With the new school year upon us, this is a message for pro-Israel students on campus: You are the real “Students for Justice in Palestine.”
Students for Justice in Palestine (SJP) is the preeminent anti-Israel group on American college campuses. It was they who primarily ran the infamous encampments in the spring. SJP is a harmful organization, but you have to hand it to them, they do at least have a good name. Unfortunately, that self-appointed title as the defender of justice is wholly inaccurate.
It has long been argued that the Holy Roman Empire was neither holy nor Roman, and was not even an empire. It might similarly be said that SPJ in Palestine is neither student-driven nor seeking justice; it’s also not concerned with the residents of the region that some call Palestine. By contrast, pro-Israel students check all of those boxes.

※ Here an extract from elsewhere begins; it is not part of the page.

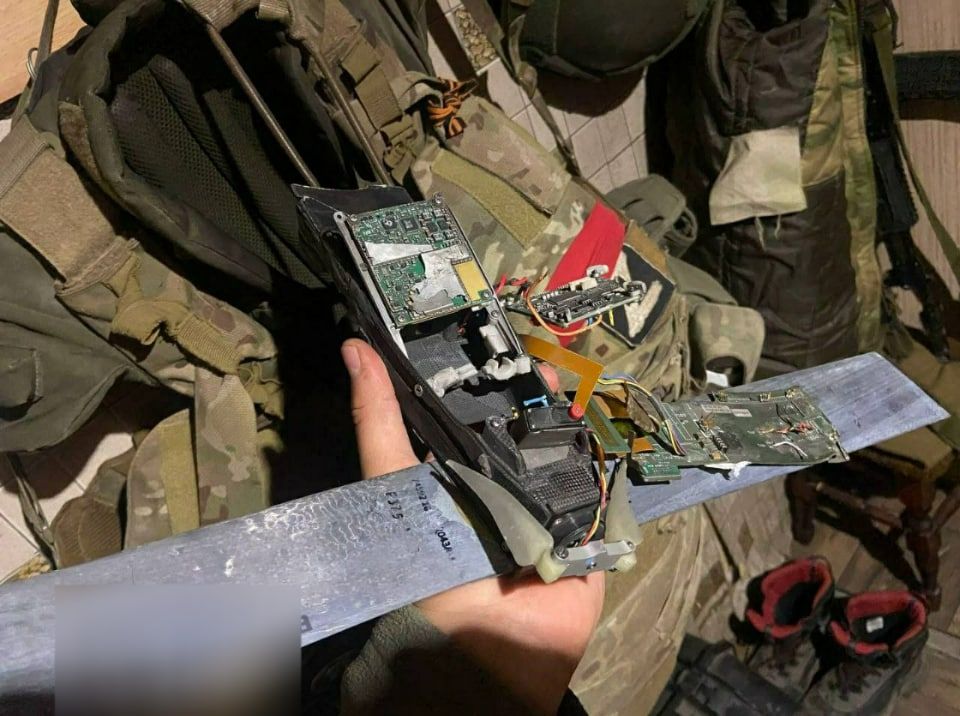 ������� ���������� �������� ������������� ������������� ����-��������� Switchblade 300. ����������� ������� ��������� ������� ������������ � ��������� �������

Let’s examine the words, one by one.
Let us take the word students, which these activists claim to be.
While the activists involved in the pro-Israel campus movement are students, many of the activists involved in SJP are not students at all. Rather, they are shady, quasi-professional agitators. Impervious to university sanction or discipline with no homework to complete and no exams to cram for, the non-student ranks of SJP can dedicate themselves, full-bore, to sewing discord and unrest while brazenly violating university policies without fear of reprimand.
These off-campus agitators borrow upon the legacy of pure student activism, as they cynically invoke the legacy of campus protest movements to advance their extreme, inorganic agenda. Pro-Israel campus clubs are entirely composed of enrolled students and reflect the feelings of a distinct, organic stakeholder group among the broader student body.
While SJP claims the mantle of the defenders and seekers of justice, pro-Israel students seek genuine justice.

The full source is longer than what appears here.